As you add more tokens to the context, three things happen:
- Attention dilution: The model's attention mechanism has to spread across more tokens, reducing the weight given to any individual piece of information
- Noise accumulation: More context means more opportunities for irrelevant information to interfere with the relevant signal
- Reasoning degradation: Multi-step reasoning becomes harder when the model has to track relationships across a longer sequence
This is why "just stuff everything into a million-token context" is a recipe for failure. The Needle In A Haystack (NIAH) benchmark — the most common test for long-context models — merely tests retrieval: can the model find a specific fact hidden in long text? Most modern models ace this test. But retrieval is the easy part. The RULER benchmark demonstrated that models performing well on NIAH showed significant performance drops when tested on multi-hop tracing, aggregation, and counting — tasks that require actual reasoning over the context, not just finding a needle.
The conclusion is clear: context quality matters more than context quantity. This is the foundation of the paradigm shift we'll explore in Part 4.

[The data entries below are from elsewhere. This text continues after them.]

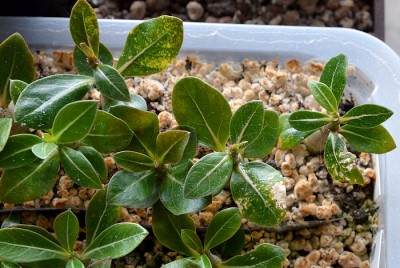 2 b Blätter Spray.jpg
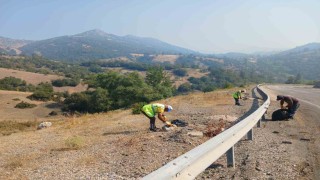 Büyükşehirden yangın bölgelerinde çevre temizliği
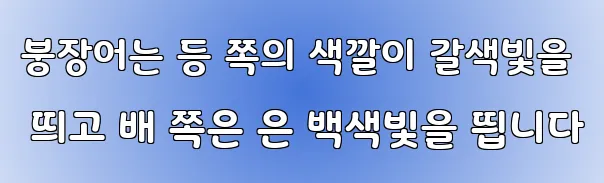 붕장어는 등 쪽의 색깔이 갈색빛을 띄고 배 쪽은 은 백색빛을 띕니다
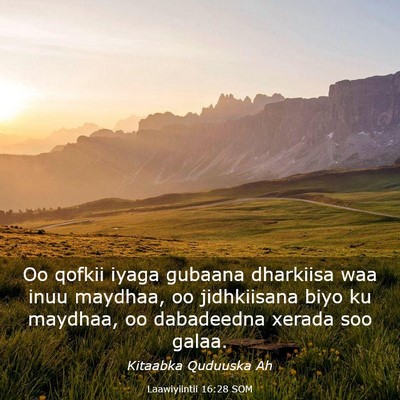 Picture 03 - Laawiyiintii 16:28 SOM - Oo qofkii iyaga gubaana dharkiisa waa inuu - Bible Verse Picture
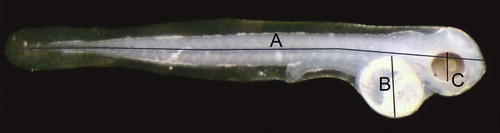Figure 2. Newly hatched bluegill bully larva. Lines indicate morphological variables measured. A = notochord length, B = yolk sac diameter, C = eye diameter.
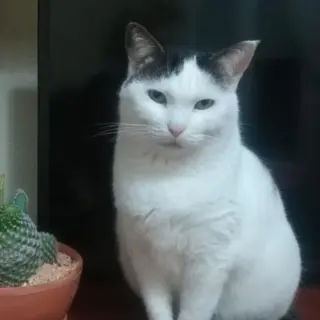 Betsi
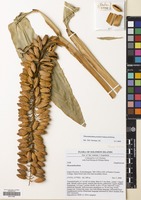 Filed as Pleuranthodium peekelii (Valeton) R.M.Sm. [family ZINGIBERACEAE]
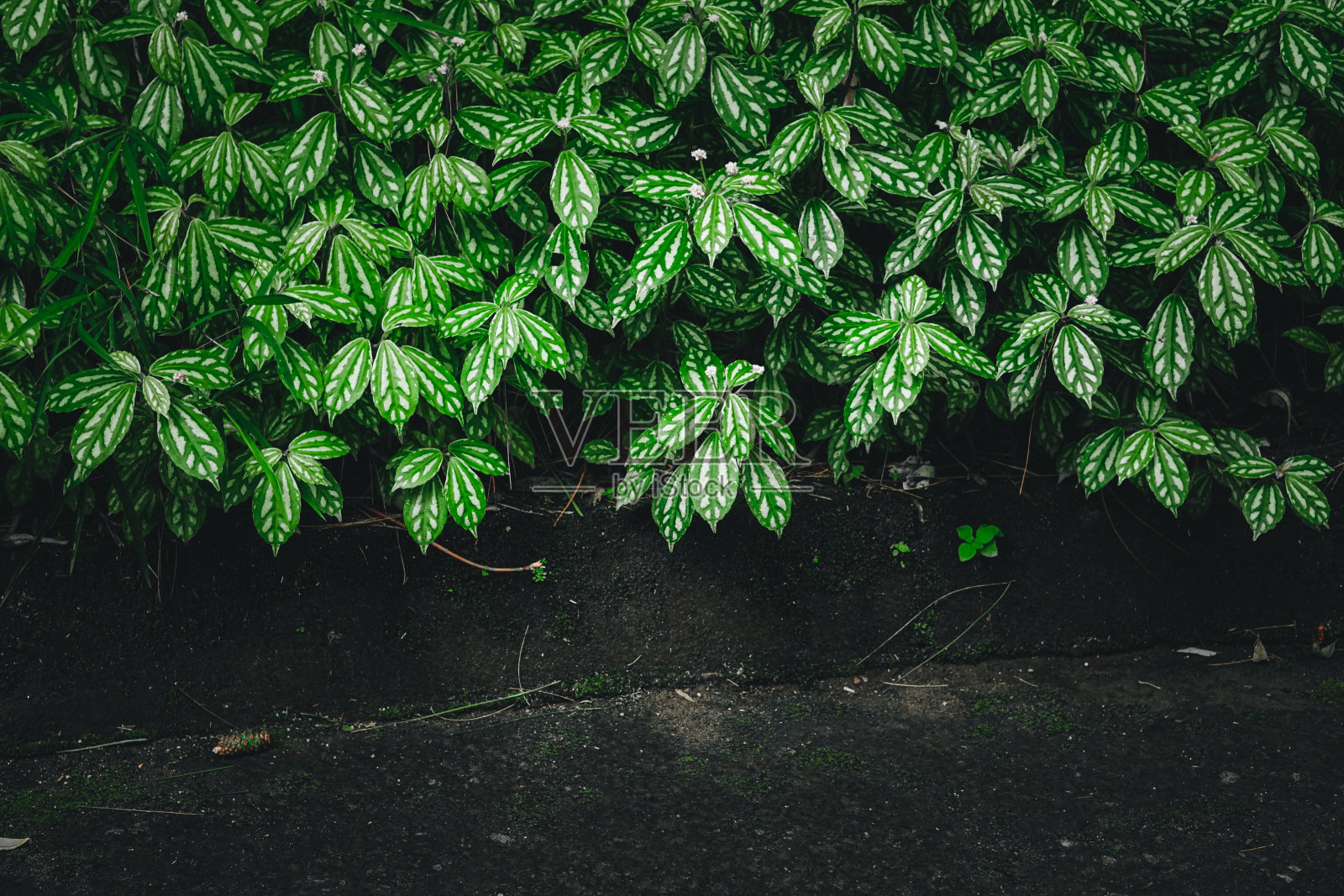 Pilea Cadierei植物照片摄影图片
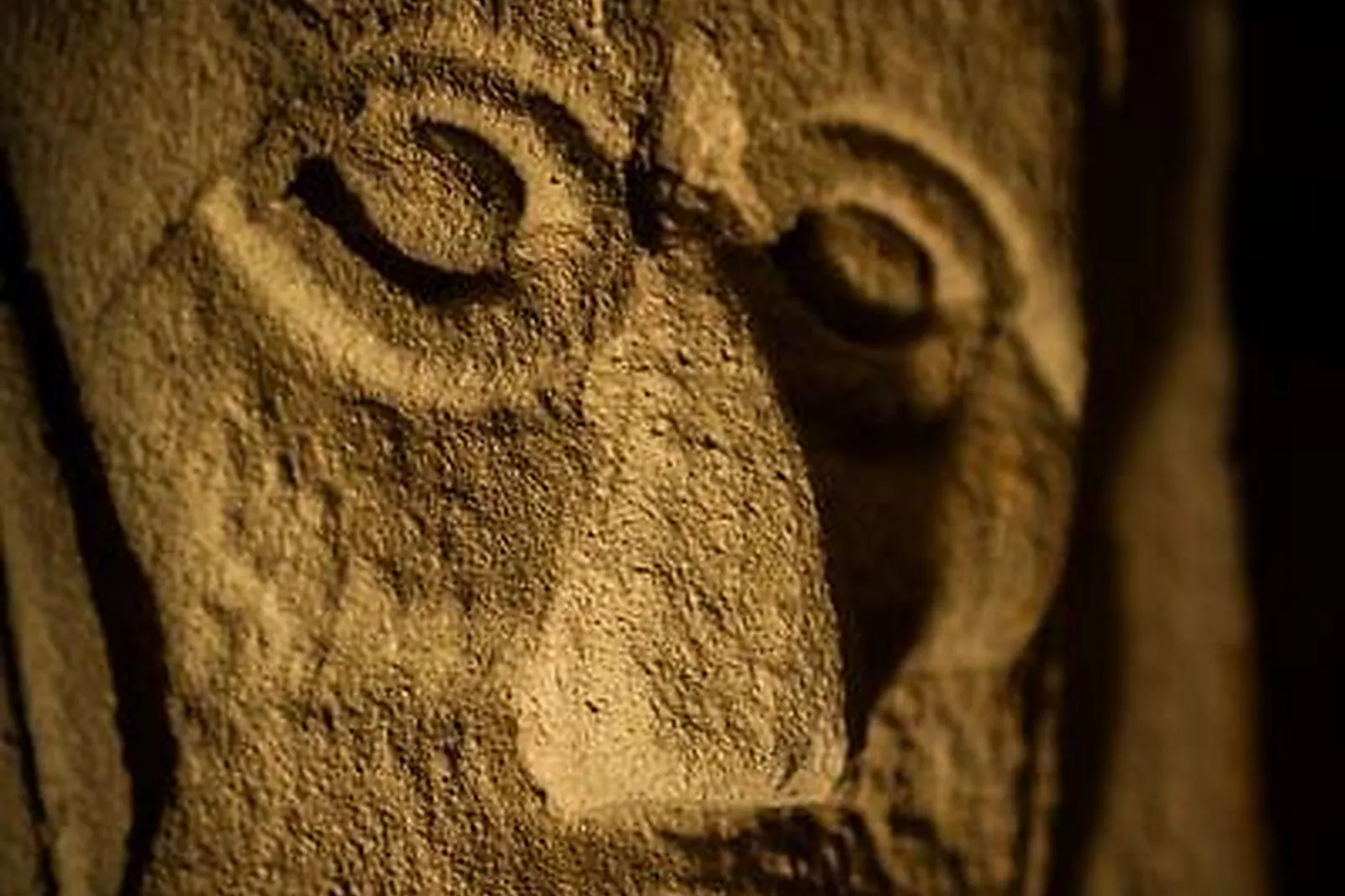 Lieux événementiels, VICTORY ESCAPE GAME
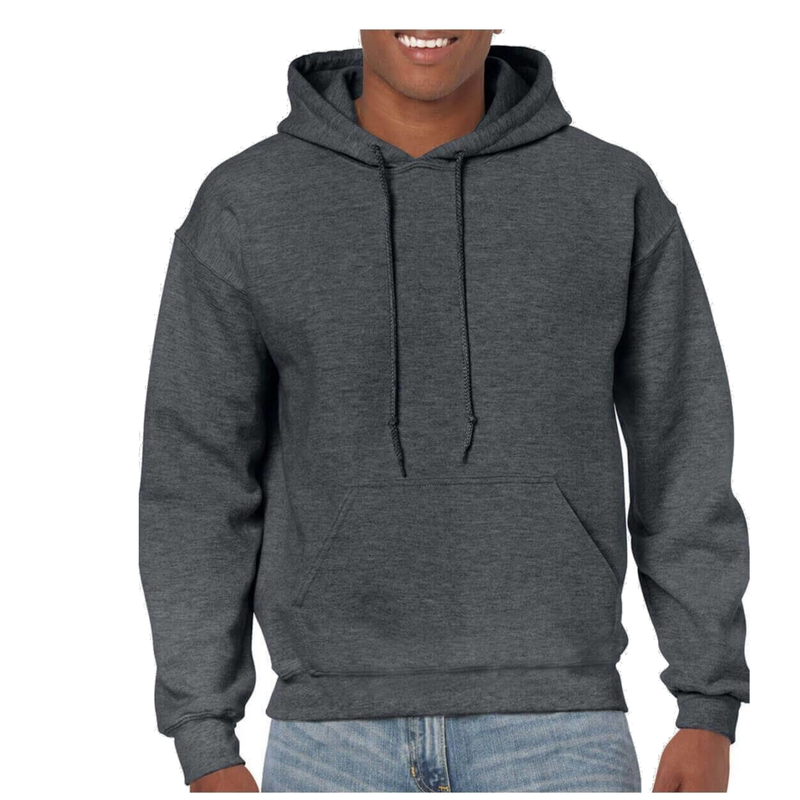 Hoodie Sweatshirt with New Logo (Back)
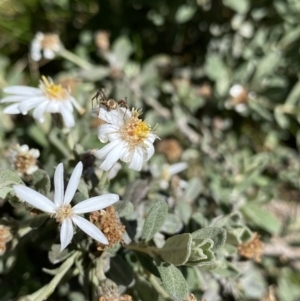 Olearia phlogopappa subsp. flavescens at Kosciuszko, NSW - 21 Jan 2022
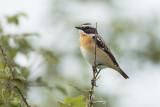 Paapje / Whinchat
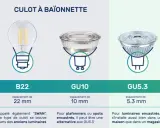 Tableau comparatif des culots d'ampoules LED : E14, E27, B22, GU10, GU5.3, G4, G9.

These failures aren't random. They all stem from the same root cause: treating the context window as a dumping ground rather than as a carefully engineered input. There's a better way to think about it — and it's called context engineering.
The LLM as a Function
Let's step back and think about what an LLM really is. Strip away the chat interfaces, the API wrappers, the prompt templates. At its core, an LLM is a function: it takes a sequence of input tokens, processes them through billions of parameters, and outputs a sequence of tokens.
That's it. The entire "intelligence" of the system comes from two things: the quality of the model (its parameters) and the quality of the input (the context). You can improve the model through training or fine-tuning — expensive, slow, and requires expertise. Or you can improve the input — the context you send to the model.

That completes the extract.